Jesús Gabriel y Galán
8/20/2008 7:27:00 AM
On Tue, Aug 19, 2008 at 10:23 PM, Lex Williams <etaern@yahoo.com> wrote:
> Hi guys!
>
> I'm kinda new to ruby , and was wondering about the following stuff ,
> assume the following code :
>
> Shoes.app {
> button("Press Me") { alert("You pressed me") }
> }
>
> how could I write code like that , so that when I call a method like
> button , I don't have to put an object or a class name in front of it .
>
> To give another example , let's assume the following code :
>
> class Whatever
> attr_accessor :value
>
> def initialize
> yield self
> end
>
> def some_method
> puts "some method"
> end
>
> end
>
> I would like to do the following ( if it's possible ) :
>
> w = Whatever.new do |whatever|
> some_method
> value = 20
> end
>
> puts w.value # this should output 20
>
> Is this possible , without adding those methods to Object ?

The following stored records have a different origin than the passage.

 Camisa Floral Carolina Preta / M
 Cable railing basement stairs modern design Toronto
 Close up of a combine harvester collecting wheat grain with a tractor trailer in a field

Hi, if you use the following you can call certain methods like you want.
class Whatever
attr_accessor :value
def initialize &blk
instance_eval &blk
end
def some_method
puts "some method"
end
end
This will allow to do:
w = Whatever.new {some_method}
The only exception are the xxx= methods. This won't work:
w = Whatever.new {value = 20}
The reason is that value= methods have to be called as self.value=20
within the class, because it's
the only way for the interpreter to understand that you want a method
call and not a local variable to the
function. You could do:
w = Whatever.new {self.value = 20}
That works.
Hope this gives you some other ideas...
Jesus.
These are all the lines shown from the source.